Post-Yanshanian faults
Recent Ar–Ar age dating of whole rock specimens (GEO, unpublished
data) suggest that some of the major faults in Hong Kong have been
active to within the last 3–4 Ma. These faults include the
San Tin Fault, the Tiu Tang Lung Fault, the Tolo Channel Fault and
the ‘Rambler Channel fault’.
Ding
& Lai, (1997), using thermoluminescence dating on fault gouges,
have suggested that significant movements on northwesterly-striking
faults in Hong Kong occurred as recently as 33 300 ± 2700
years BP (see ‘Neotectonics’ below).
A wide variety of fold styles and scales of folding can be observed
in Hong Kong. These can be interpreted both in terms of soft sediment
deformation and tectonic deformation, variously associated with
faulting, granitoid emplacement, volcanotectonic collapse and basin
development.
Mesoscale folds, with wavelengths of metres to tens of metres,
are most readily observable within the older sedimentary formations
of Hong Kong, and especially the Devonian Bluff Head Formation,
the Carboniferous Lok Ma Chau Formation and the Permian Tolo Harbour
Formation. They are also seen locally within younger sedimentary
and volcanic rocks of mainly Jurassic and Cretaceous ages. Larger
scales of folding, with wavelengths of tens to hundreds of metres
and more, and fold axial traces that extend for distances of hundreds
of metres up to kilometres, have been mapped within the Devonian
Bluff Head Formation, the Carboniferous Lok Ma Chau Formation, locally
within Jurassic and Cretaceous volcanic formations. They have also
been inferred within Cretaceous sedimentary formations.
Pre-Yanshanian folds
Evidence of pre-Yanshanian folding would only be expected within
the limited outcrop of sedimentary rocks that predate the Mesozoic
volcanism and plutonism. However, the age of deformation of these
sedimentary rocks is uncertain. Certainly, they are commonly highly
deformed and deformational styles and intensities are typically
more extreme than those in younger rocks. However, deformation of
multilayered sedimentary strata would be expected to differ in style
and intensity from the younger, more massive volcanic and plutonic
rocks even under the same far-field stress conditions.
Folds in Palaeozoic rocks
Excellent examples of mesoscale folds are exposed within
the Devonian Bluff Head Formation near Bluff Head (Plate
9.9), and the Permian Tolo Harbour Formation (Plates
9.10 and 9.11)
on the southeast and northeast shores of Ma Shi Chau
on the northwest side of Tolo Channel. The folds are
typically close and asymmetric with axes trending northnortheast
or northeast, although axial zones are often disrupted
by faulting (Allen
& Stephens, 1971; Addison,
1986). The folds also plunge steeply towards
the northnortheast or northeast. Western limbs are vertical
or overturned and strike subparallel to the fold axes
whereas eastern limbs dip to the northeast at c.60o.

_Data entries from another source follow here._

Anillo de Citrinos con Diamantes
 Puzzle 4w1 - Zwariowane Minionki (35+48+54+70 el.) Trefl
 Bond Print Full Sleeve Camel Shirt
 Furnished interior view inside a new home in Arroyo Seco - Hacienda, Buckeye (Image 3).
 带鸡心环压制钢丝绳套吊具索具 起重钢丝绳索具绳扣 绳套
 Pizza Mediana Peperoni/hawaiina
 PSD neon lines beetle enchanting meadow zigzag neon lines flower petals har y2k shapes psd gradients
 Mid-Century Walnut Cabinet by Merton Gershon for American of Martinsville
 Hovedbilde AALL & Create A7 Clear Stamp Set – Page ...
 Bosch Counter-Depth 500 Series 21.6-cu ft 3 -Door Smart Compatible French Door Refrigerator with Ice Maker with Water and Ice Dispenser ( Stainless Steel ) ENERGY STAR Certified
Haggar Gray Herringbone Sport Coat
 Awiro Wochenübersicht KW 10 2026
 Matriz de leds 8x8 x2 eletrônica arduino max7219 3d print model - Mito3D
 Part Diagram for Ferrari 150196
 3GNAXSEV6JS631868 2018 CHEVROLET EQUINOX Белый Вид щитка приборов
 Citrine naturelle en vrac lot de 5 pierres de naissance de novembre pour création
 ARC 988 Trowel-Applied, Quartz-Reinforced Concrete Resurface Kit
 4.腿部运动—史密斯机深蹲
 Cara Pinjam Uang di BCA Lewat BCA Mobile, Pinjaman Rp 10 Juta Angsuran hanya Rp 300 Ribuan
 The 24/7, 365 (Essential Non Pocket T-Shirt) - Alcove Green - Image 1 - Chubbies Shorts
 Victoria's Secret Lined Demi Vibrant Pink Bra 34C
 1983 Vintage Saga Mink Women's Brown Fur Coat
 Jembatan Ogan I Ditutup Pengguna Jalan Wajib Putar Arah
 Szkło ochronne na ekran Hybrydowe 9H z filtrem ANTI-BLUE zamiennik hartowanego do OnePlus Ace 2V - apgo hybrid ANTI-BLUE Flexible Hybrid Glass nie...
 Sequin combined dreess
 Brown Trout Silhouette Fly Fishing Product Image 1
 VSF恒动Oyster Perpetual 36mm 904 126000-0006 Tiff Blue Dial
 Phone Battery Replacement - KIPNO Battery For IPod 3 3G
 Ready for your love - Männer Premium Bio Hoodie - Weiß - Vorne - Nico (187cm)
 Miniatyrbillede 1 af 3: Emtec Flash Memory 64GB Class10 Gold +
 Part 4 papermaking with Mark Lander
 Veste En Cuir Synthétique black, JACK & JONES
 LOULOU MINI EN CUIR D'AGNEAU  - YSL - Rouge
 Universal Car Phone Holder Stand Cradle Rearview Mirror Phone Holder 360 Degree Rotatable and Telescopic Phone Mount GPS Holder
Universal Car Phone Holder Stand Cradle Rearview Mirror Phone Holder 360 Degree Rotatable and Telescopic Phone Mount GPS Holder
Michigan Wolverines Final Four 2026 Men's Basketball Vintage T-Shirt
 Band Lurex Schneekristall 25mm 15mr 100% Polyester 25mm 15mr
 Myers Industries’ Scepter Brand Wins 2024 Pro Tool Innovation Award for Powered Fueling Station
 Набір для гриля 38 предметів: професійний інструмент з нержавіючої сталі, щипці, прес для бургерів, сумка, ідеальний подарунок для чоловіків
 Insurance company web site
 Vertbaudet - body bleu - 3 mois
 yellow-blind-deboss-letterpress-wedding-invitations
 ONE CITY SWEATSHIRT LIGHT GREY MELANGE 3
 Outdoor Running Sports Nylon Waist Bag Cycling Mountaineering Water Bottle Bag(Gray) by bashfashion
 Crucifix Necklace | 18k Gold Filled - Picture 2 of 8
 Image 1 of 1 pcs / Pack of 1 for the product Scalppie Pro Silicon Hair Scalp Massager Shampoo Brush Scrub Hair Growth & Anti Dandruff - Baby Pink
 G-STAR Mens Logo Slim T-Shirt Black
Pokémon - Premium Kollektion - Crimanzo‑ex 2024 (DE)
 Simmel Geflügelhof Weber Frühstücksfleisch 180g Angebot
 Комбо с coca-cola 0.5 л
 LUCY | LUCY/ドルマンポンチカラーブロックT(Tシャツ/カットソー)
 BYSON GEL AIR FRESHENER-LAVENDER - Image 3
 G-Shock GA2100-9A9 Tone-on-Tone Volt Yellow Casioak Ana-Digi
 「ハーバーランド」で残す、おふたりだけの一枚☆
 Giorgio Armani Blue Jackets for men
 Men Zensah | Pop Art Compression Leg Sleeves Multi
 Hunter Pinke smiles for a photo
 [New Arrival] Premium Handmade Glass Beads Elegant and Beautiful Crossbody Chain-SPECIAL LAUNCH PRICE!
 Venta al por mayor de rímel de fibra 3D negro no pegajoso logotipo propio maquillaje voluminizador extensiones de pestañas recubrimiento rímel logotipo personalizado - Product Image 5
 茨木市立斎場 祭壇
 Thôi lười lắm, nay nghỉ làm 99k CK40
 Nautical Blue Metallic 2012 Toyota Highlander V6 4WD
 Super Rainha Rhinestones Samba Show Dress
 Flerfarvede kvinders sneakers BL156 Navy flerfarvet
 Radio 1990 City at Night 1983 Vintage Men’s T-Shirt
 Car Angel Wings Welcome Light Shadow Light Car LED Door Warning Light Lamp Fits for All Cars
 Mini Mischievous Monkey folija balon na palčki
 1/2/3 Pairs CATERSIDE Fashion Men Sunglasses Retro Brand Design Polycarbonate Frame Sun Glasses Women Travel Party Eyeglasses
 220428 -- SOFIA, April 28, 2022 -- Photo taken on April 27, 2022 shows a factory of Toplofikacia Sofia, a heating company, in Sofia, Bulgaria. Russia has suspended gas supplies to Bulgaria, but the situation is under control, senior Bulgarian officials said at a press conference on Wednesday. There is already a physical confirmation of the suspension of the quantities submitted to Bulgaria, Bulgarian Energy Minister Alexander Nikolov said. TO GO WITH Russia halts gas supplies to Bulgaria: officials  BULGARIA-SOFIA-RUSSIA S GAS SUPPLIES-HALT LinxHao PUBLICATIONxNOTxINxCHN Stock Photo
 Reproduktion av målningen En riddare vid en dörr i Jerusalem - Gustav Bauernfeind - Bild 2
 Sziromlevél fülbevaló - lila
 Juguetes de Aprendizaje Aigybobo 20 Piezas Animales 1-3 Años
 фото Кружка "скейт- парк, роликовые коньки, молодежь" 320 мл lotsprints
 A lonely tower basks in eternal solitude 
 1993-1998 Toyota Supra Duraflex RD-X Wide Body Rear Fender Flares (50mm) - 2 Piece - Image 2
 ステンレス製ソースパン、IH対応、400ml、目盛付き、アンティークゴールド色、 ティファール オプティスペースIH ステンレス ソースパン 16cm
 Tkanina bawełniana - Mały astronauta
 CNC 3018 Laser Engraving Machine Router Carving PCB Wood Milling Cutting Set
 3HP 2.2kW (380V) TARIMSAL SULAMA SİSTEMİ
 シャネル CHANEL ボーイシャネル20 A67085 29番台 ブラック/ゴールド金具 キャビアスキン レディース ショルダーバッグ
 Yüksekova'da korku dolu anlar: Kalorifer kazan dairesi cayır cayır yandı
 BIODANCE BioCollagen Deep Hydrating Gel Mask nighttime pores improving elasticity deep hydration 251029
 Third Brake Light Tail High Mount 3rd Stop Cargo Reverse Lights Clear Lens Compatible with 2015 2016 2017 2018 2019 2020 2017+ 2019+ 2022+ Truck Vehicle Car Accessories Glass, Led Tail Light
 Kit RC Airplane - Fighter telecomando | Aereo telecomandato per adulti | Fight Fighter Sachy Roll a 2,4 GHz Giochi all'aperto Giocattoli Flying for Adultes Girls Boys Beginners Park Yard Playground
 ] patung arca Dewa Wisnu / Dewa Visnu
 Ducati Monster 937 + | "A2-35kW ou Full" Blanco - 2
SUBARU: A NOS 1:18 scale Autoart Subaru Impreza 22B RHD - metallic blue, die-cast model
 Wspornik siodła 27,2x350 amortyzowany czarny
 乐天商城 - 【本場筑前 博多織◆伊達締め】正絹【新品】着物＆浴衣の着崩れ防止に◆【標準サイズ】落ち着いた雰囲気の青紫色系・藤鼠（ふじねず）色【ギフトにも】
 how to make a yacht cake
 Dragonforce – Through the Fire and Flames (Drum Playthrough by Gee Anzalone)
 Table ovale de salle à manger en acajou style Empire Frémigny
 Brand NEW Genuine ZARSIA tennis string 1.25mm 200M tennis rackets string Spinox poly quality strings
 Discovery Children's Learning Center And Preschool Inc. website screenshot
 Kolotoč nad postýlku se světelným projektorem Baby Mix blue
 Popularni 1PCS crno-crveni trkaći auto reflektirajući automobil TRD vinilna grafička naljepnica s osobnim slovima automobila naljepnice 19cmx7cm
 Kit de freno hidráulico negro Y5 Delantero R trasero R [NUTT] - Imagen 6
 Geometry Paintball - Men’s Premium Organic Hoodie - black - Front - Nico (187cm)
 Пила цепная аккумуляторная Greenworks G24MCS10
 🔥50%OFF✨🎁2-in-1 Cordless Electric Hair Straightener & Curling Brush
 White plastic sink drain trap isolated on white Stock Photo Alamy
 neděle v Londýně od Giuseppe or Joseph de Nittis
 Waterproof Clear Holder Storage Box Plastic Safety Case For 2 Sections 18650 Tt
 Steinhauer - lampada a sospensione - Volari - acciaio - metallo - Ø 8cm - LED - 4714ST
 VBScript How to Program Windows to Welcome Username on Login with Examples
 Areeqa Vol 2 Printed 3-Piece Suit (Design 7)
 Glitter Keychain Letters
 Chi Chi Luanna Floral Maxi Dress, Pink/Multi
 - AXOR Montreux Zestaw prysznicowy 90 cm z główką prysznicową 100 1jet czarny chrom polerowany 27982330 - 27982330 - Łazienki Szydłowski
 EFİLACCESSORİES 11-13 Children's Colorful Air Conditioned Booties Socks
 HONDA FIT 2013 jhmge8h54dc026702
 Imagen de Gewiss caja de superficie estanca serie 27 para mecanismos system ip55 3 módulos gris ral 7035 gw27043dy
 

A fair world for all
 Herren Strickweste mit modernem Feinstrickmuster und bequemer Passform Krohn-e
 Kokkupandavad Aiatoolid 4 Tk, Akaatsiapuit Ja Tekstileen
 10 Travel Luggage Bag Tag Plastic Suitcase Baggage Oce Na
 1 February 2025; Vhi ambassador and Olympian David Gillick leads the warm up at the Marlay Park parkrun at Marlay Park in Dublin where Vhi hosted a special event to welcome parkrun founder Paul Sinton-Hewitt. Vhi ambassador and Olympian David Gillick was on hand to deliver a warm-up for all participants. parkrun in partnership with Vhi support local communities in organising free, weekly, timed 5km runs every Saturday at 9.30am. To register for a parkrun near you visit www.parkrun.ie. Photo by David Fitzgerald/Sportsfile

Other folds in this area are thought to be drag folds
related to sinistral faults (Addison,
1986). Open to close parasitic folds also
occur along the northern side of Tolo Channel in general,
on the south shore of Plover Cove Reservoir, and at
Lo Fu Wat where minor synclines plunge to the southsouthwest
and southwest and minor anticlines plunge to the northnortheast
and northeast, or southwest. There is also evidence
of a second phase of minor folding. This is manifested
mainly in kink band development, which is well displayed
in the Permian sedimentary rocks along the southeast
shore of Ma Shi Chau (Plate
9.12), but the age of these structures is again
uncertain. Allen
& Stephens (1971) argued for more substantial
minor refolding, with a fold set plunging towards the
eastsoutheast. However, these folds may alternatively
be conjugate structures developed broadly synchronously
with the northnortheast-plunging folds.
On a larger scale, the Palaeozoic sedimentary rocks on either side
of Tolo Channel have been interpreted (Allen
& Stephens, 1971; Addison,
1986) as forming part of
a regional anticline, the Tolo Channel Anticline. The faulted axial
zone of this fold approximately coincides with Tolo Channel itself.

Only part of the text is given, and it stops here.